***** Data for review

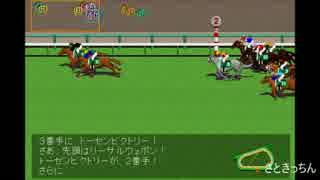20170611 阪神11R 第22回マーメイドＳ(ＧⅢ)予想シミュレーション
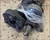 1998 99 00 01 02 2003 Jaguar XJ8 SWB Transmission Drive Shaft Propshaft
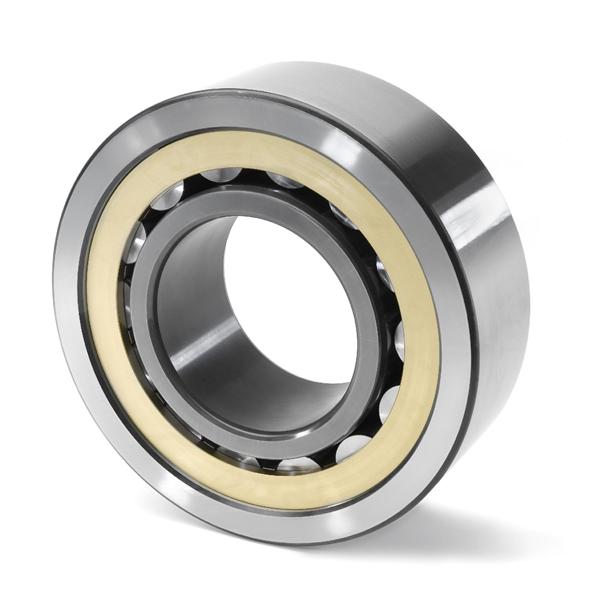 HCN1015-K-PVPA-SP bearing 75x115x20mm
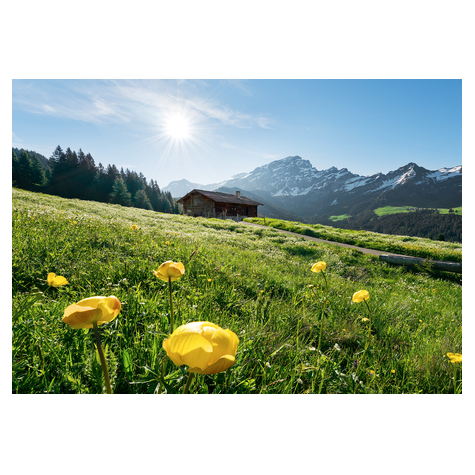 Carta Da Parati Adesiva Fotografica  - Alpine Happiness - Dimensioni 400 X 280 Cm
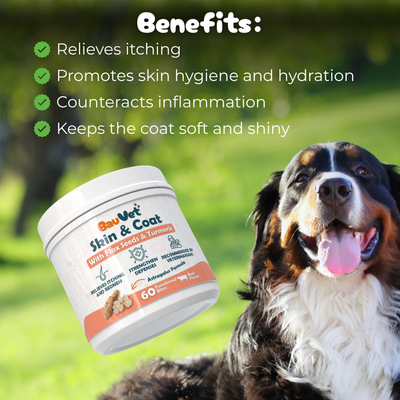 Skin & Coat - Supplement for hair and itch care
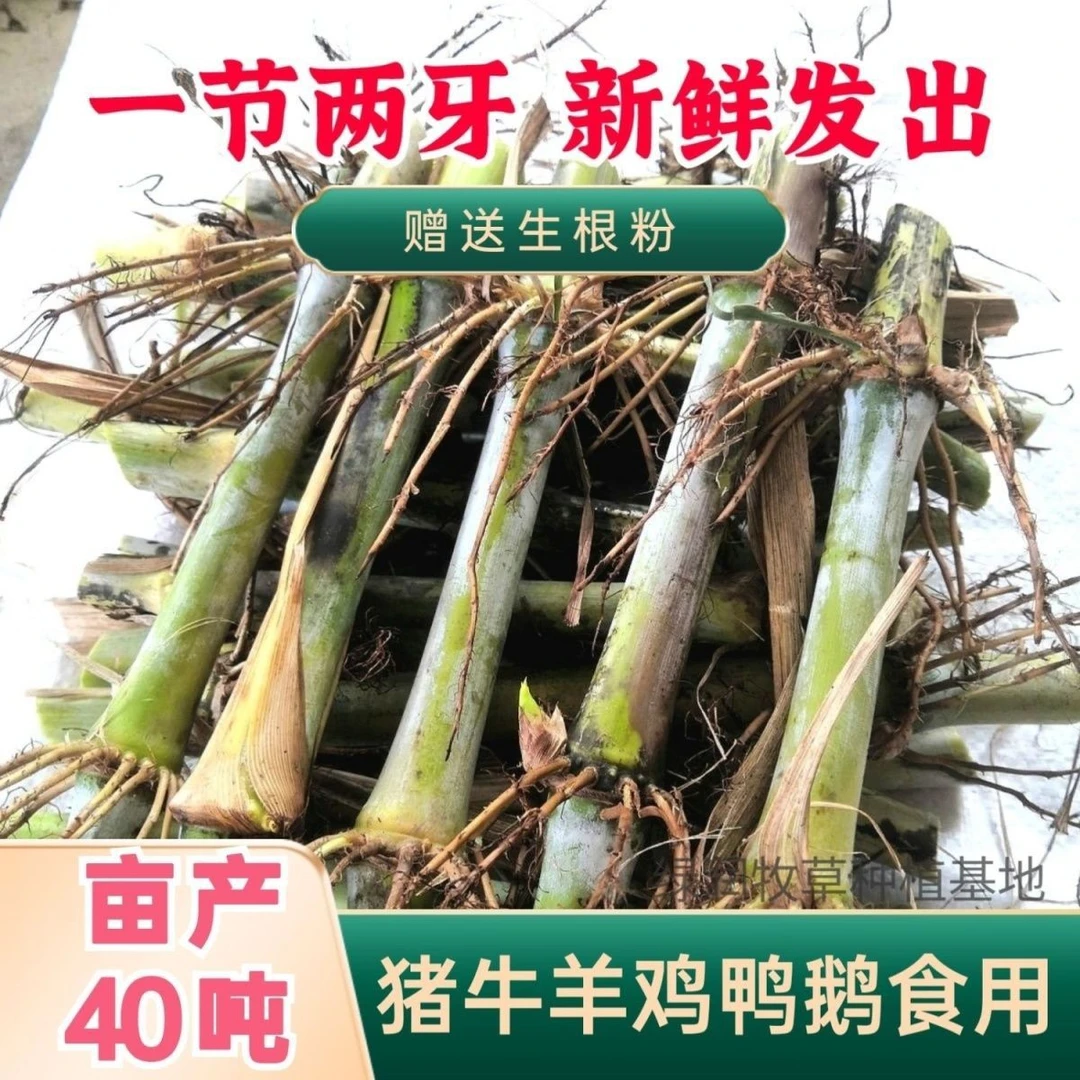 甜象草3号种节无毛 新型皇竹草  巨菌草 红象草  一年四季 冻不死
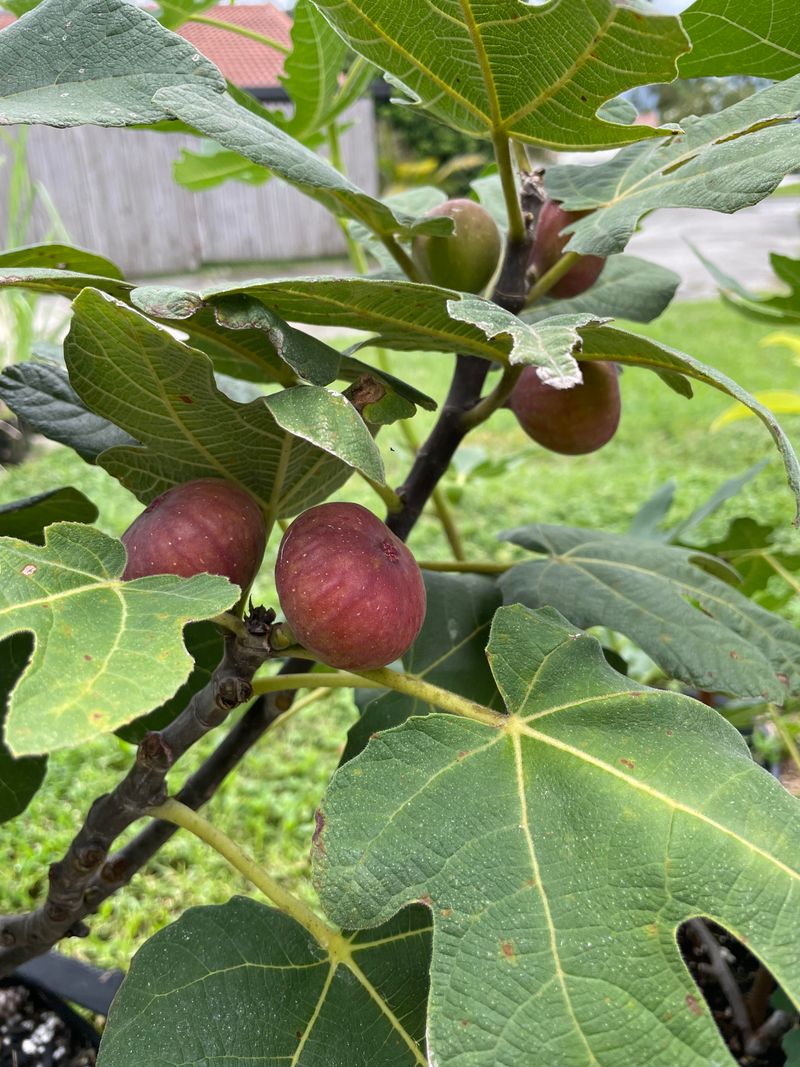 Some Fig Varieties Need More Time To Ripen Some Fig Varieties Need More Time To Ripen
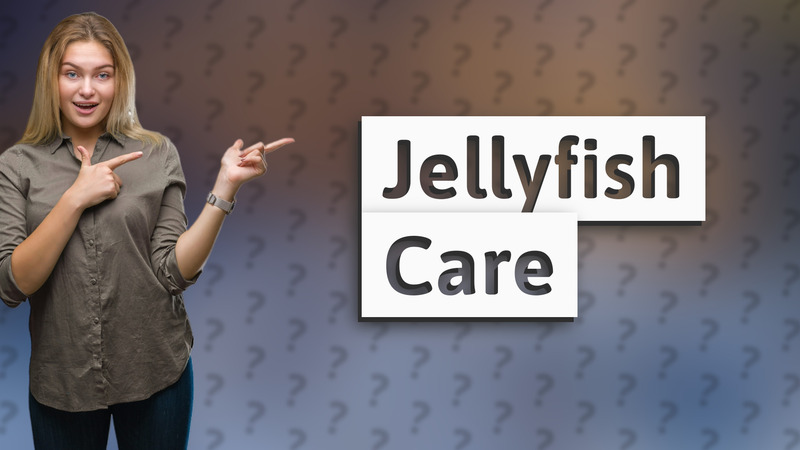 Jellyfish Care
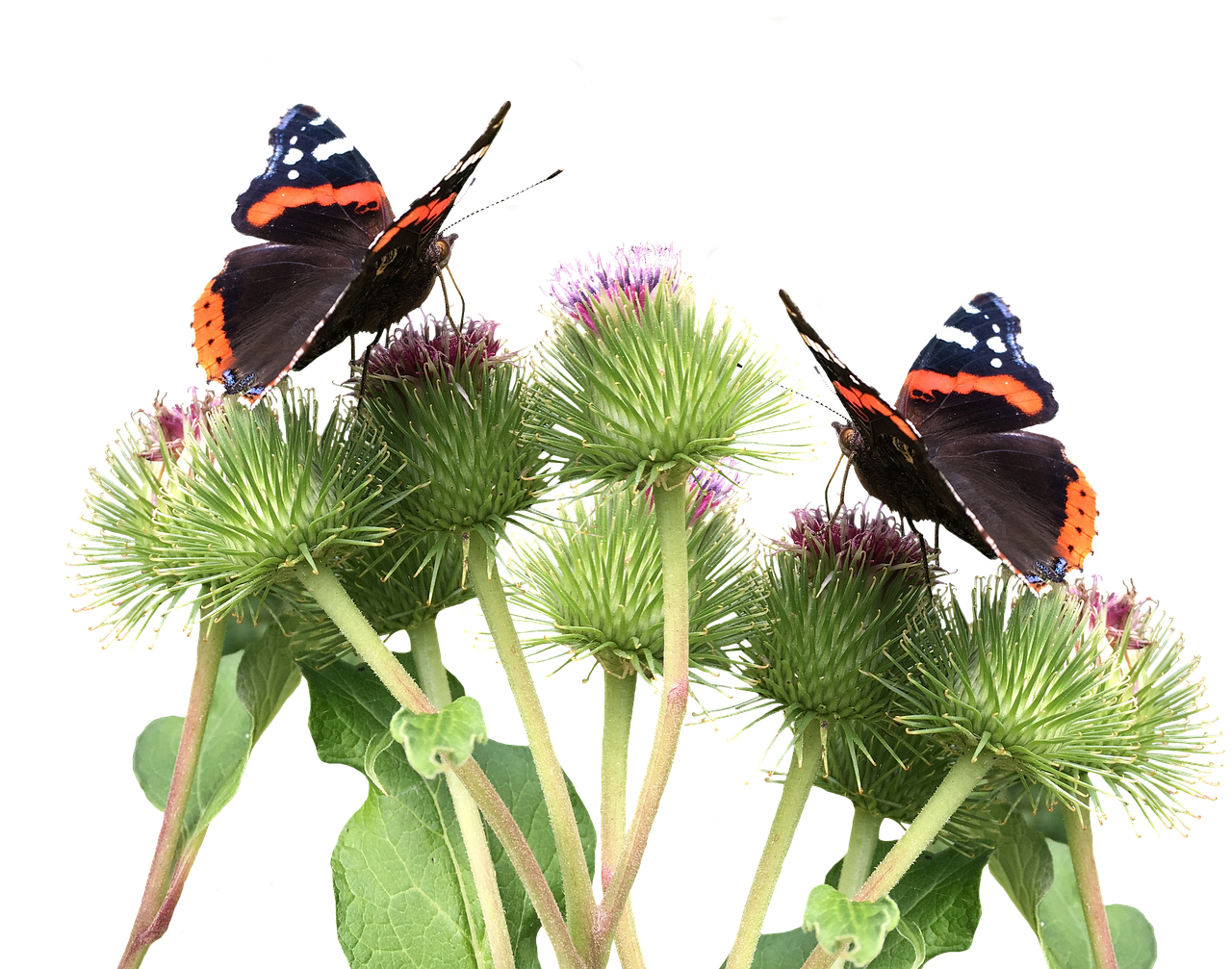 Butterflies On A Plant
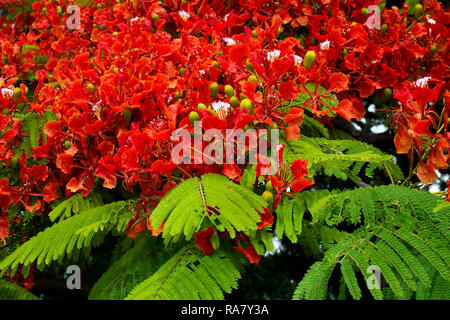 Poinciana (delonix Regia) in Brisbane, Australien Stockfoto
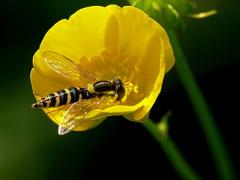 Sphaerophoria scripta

**********

What you have to do:
Where a picture appears in the records above, omit it, and transcribe exactly the stretch of lines from the one with "1998 99 00 01" through the one with "Skin & Coat".

Solution to this task:
 1998 99 00 01 02 2003 Jaguar XJ8 SWB Transmission Drive Shaft Propshaft
 HCN1015-K-PVPA-SP bearing 75x115x20mm
 Carta Da Parati Adesiva Fotografica  - Alpine Happiness - Dimensioni 400 X 280 Cm
 Skin & Coat - Supplement for hair and itch care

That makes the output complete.